April gold gained 50 cents on volume of 152,094 contracts. Open interest increased by 1,596 contracts, which in relation to volume is approximately 50% less than average. Gold made a new low for the move at $1639.50. The gold market continues to trade in a bearish fashion, and the 50 day moving average is below the 150 day average, and within the next week or so, the 50 day moving average will likely cross below the 200 day average. Stand aside.
April platinum gained $21.10 on volume of 11,956 contracts. Open interest increased by only 123 contracts, which is 50% below average. This is the first day, since platinum generated a short and intermediate term buy signal on January 11 that an open interest increase has been this small considering the magnitude of the advance. We are bullish on platinum, but at current levels, we recommend that clients stand aside. In our view, the platinum market needs a classic washout before it is wise to enter the market.
Silver: On February 12, silver generated a short-term sell signal which reverses the short term buy signal generated on January 23.
March silver gained 10.9 cents on volume of 52,590 contracts. Volume was the highest since February 7 when 67,332 contracts were traded and open interest declined by 1,451 contracts while March silver declined by 47.4 cents. On February 12, open interest increased by 1,742 contracts, which in relation to volume is approximately 30% above average. March silver is now on a short and intermediate term sell signal, and clients should stand aside.

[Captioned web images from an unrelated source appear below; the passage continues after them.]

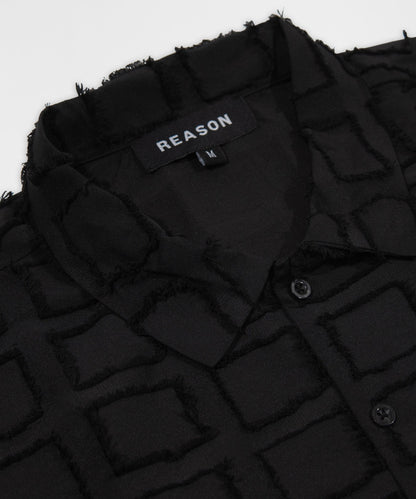 Reason Clothing Deals | Textured Grid Pattern Button Down Shirt - Black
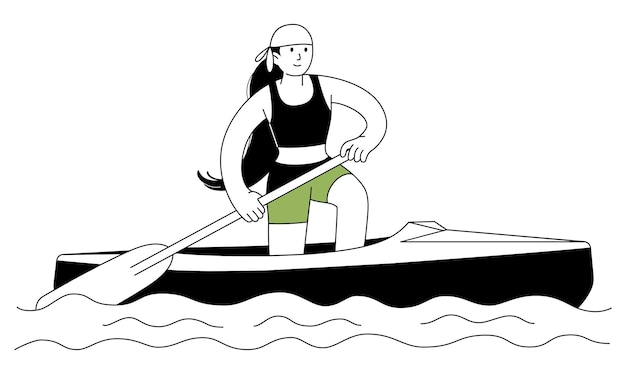 sports female athlete trains on kayak outline icon in pose with support on one knee she paddles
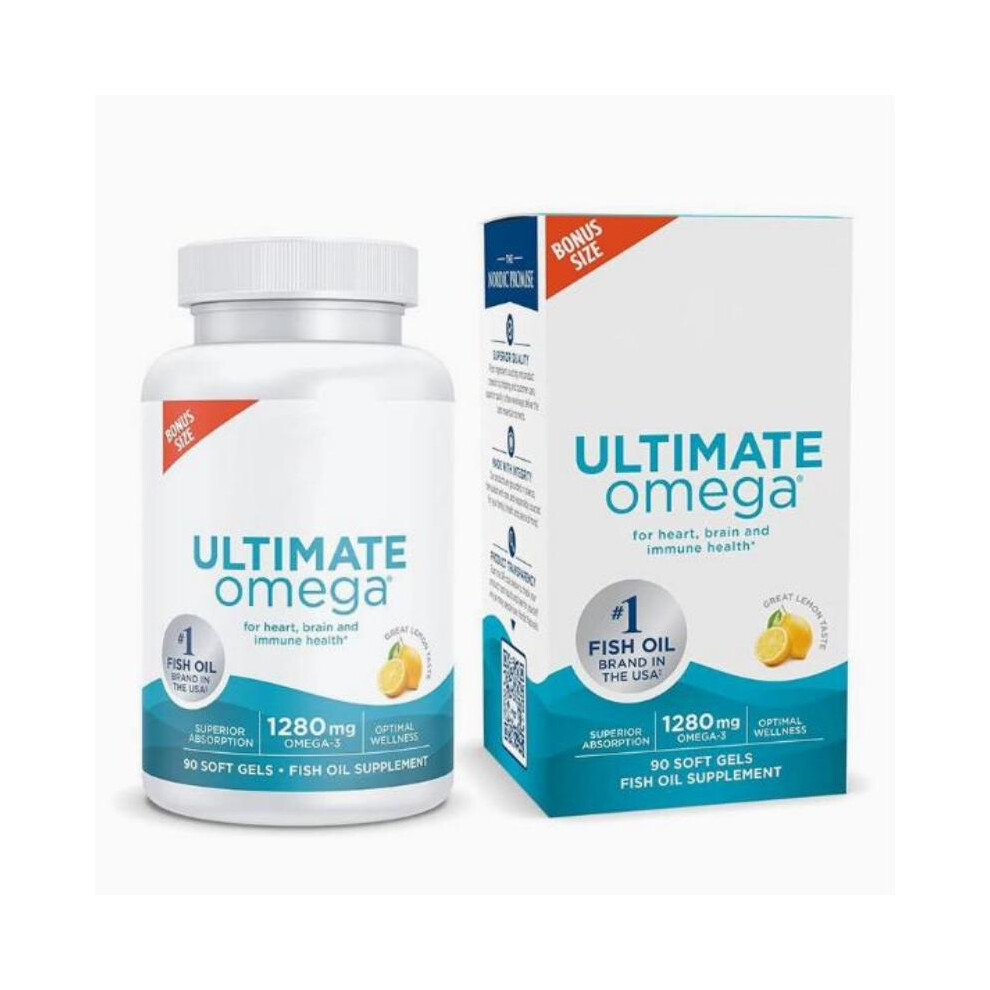 1280 mg Omega Supplement with EPA & DHA - Promotes Brain & Heart Health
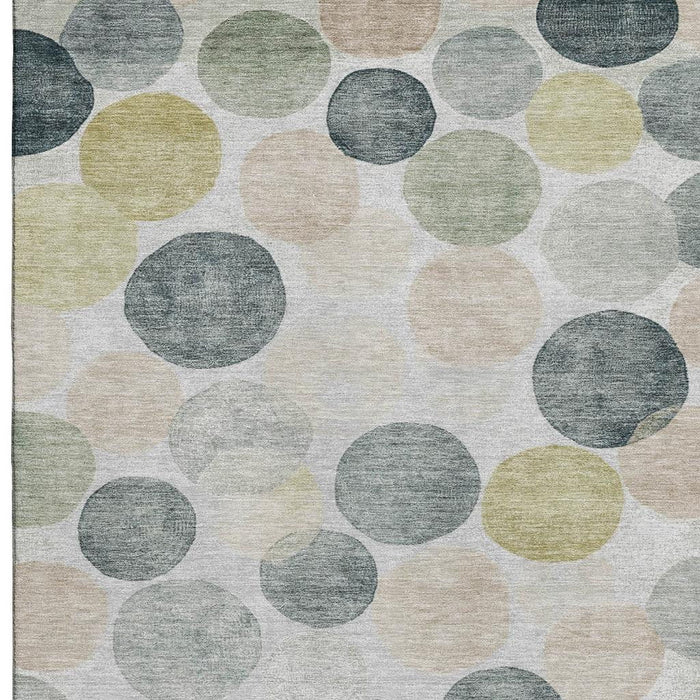 10' X 14' Geometric Washable Area Rug With UV Protection (707395) - Gray / Gold / Silver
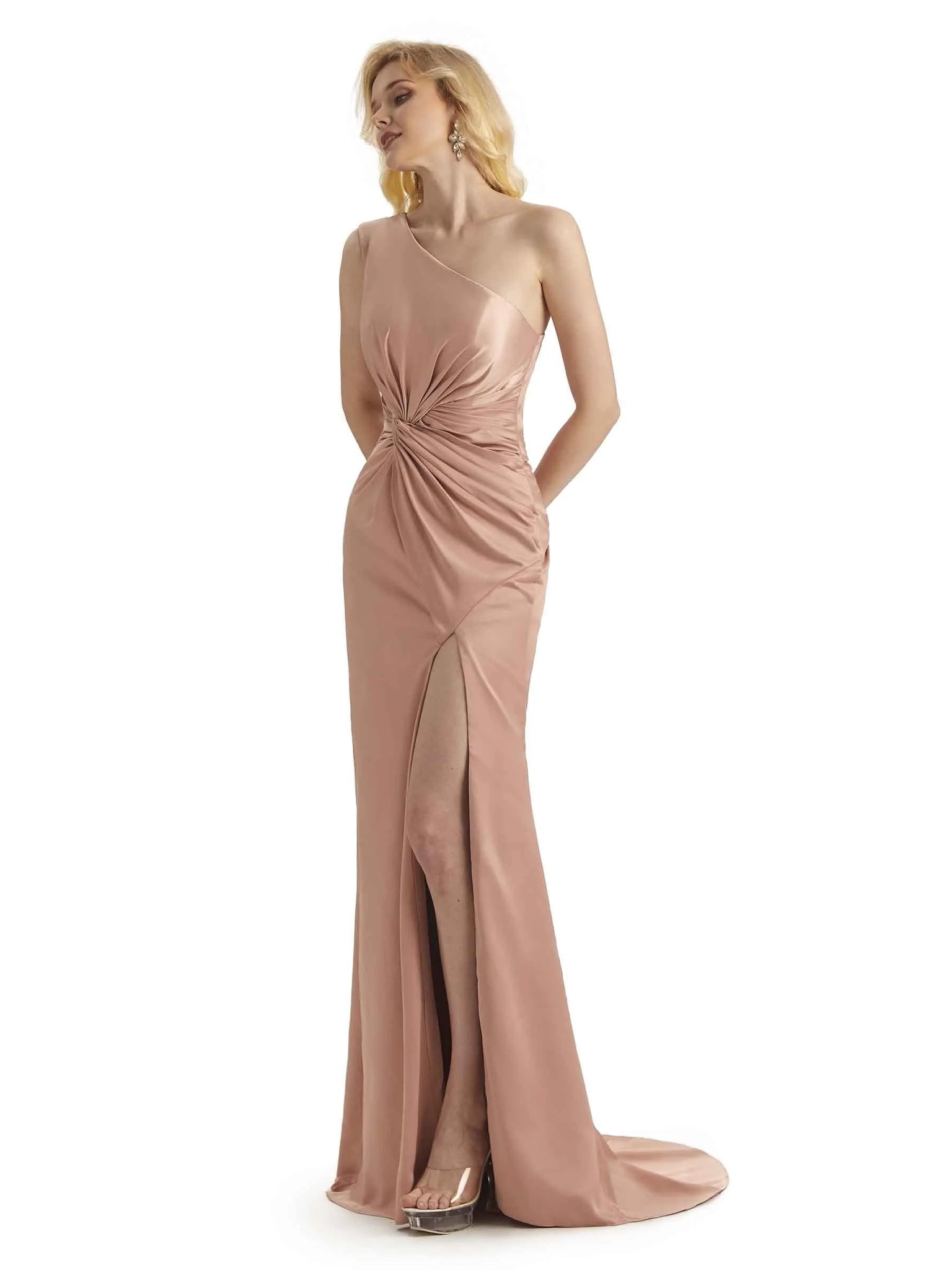 Sexy Soft Satin Side Slit One Shoulder Long Mermaid Prom Dresses Online
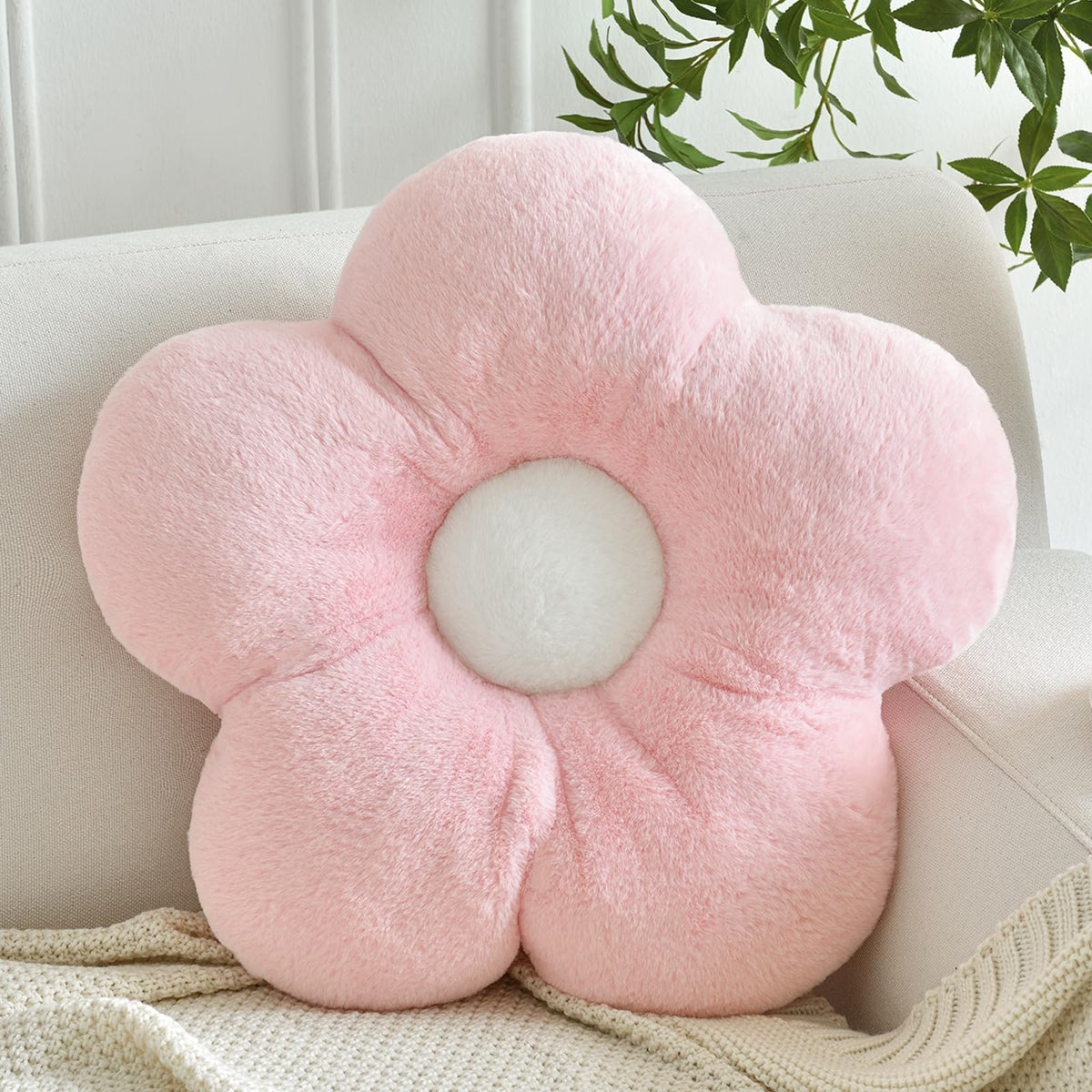 Flower Pillows, Soft Flower Shaped Pillow with Home Decorative for Couch Chair Bed,Flower Floor Throw Pillows for Adults Bedroom Living Room (White, 15 Inches)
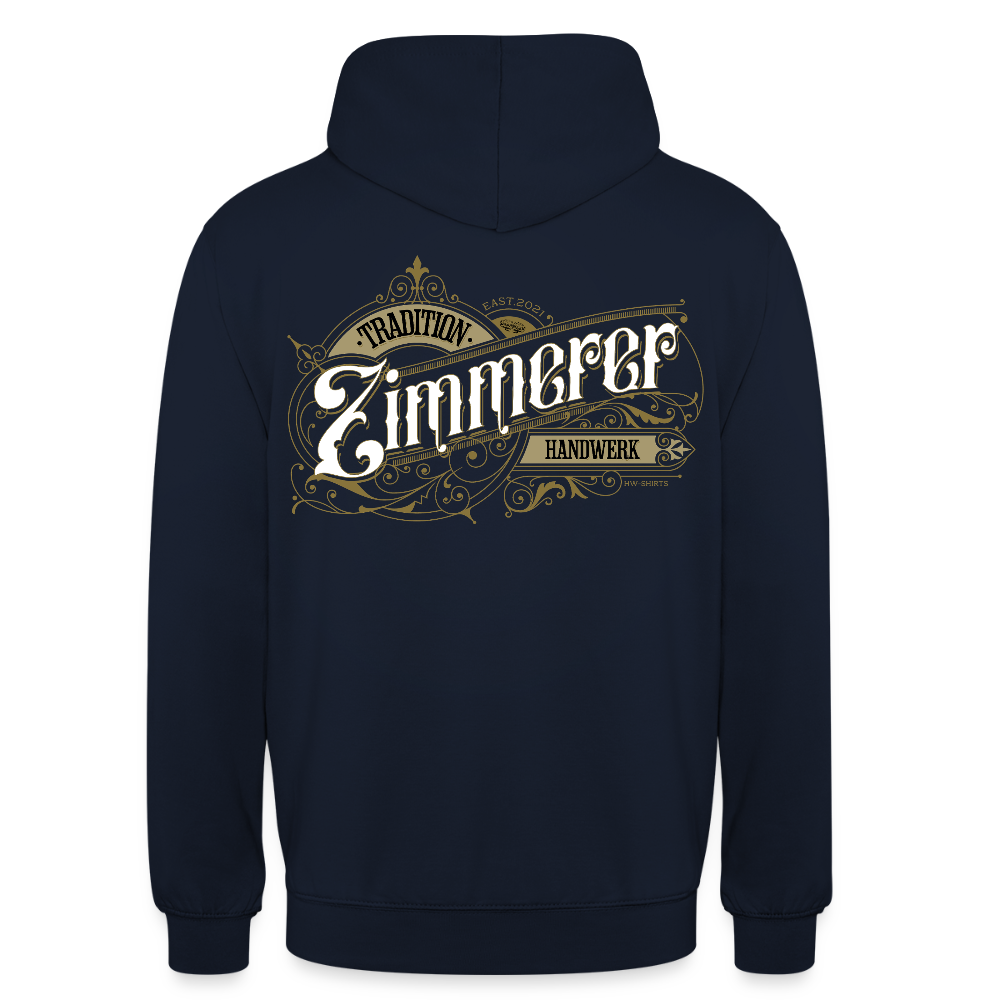 Unisex Hoodie "Zimmerer" Nostalgie Handwerk Navy Unisex Hoodie {{ color }}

The March euro gained 54 points on volume of 292,679 contracts. Volume was the highest since February 7 when 452,064 contracts were traded and the March euro declined by 1.22 cents while open interest declined by 4,615 contracts. On February 12, open interest declined by 3,659 contracts, which in relation to volume is approximately 45% less than average. During the past 5 days, open interest has declined 17,794 contracts while the March euro lost 1.42 cents. This is bullish open interest action relative to the price decline. It is positive that open interest has been declining, and this makes the euro less likely to have a severe decline. More work on the downside would be healthy and a further decline in open interest would be welcome.
S&P 500 E mini:
The S&P 500 E mini gained 3.25 points on light volume of 1,262,160 contracts. Open interest increased by 11,943 contracts, which in relation to volume is approximately 50% less than average. We continue to think there is massive risk on the downside, and a table that measures investor sentiment was released by Bank of America/Merrill Lynch. Sentiment More Bullish Than 99% Of All Prior Readings
The chart shows that sentiment is at stratospheric levels, which in our view makes it dangerous to be long most commodities. Another major problem is that there is a massive divergence between the number of stocks above their 50 day moving averages, which peaked at 2115 on January 22 and declined to 1929 on February 12, versus the advance of the S&P 500 cash index. Since January 22, through February 12, the S&P 500 cash index has advanced 33.45 points, but the number of stocks over their 50 day moving averages has declined by 186 issues or approximately 8.75% in this time frame. This underscores the severe overbought situation that currently exists in the market.